- Born: April 13, 2002 (age 24) Toronto, Ontario, Canada
- Occupation: Actor
- Years active: 2014–present
- Known for: Avatar: The Way of Water; Odd Squad; The Waiting Room;
- Father: Jasmin Geljo

= Filip Geljo =

Canadian-Filipino actor (born 2002)

Filip Geljo (born April 13, 2002) is a Canadian actor of Filipino and Bosnian descent, known for portraying Aonung in Avatar: The Way of Water and Agent Otto in the PBS Kids TV series Odd Squad.

==Early life==
Geljo was born in Toronto, Canada, on April 13, 2002, to a Filipino mother and Bosnian actor Jasmin Geljo.

==Career==
Geljo’s first acting role was a small part in a 2014 TV movie called The Last Chance. He also portrayed Dan in the 2015 drama The Waiting Room. In that film, he acted alongside his real father, Jasmin, who played Dan’s father.

On the PBS Kids TV series Odd Squad, Geljo portrayed Agent Otto, one of the two main characters, for 41 episodes, from 2014 to 2016. (In the pilot, Otto was played by Jaden Michael.) He reprised his role as Otto in Odd Squad: The Movie.
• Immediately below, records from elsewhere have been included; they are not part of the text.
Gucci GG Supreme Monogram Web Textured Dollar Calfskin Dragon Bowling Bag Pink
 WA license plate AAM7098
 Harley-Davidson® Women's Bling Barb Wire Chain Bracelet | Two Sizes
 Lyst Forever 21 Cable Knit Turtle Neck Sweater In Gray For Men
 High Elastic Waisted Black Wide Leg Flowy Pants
In 2017, Geljo was cast as Aonung in James Cameron’s Avatar: The Way of Water, which was released in 2022. He reprised that role in Avatar: Fire and Ash, which was released in 2025.

==Filmography==
===Film===

Key
| † | Denotes films that have not yet been released |

| Year | Title | Role | Notes |
| 2014 | The Last Chance | Lee | TV movie |
| 2015 | The Waiting Room | Dan |  |
| Shahzad | Philip | Short film |
| 2016 | Odd Squad: The Movie | Agent Otto | TV movie with limited theatrical release |
| 2022 | Avatar: The Way of Water | Aonung |  |
| 2025 | Avatar: Fire and Ash |  |

===Television===

| Year(s) | Title | Role | Notes |
|---|---|---|---|
| 2014–2016 | Odd Squad | Agent Otto | Main role (season 1); 40 episodes |
| 2016 | Annedroids | Eric | “Teacher’s Pals” |

== Personal life ==
He is the son of actor Jasmin Geljo.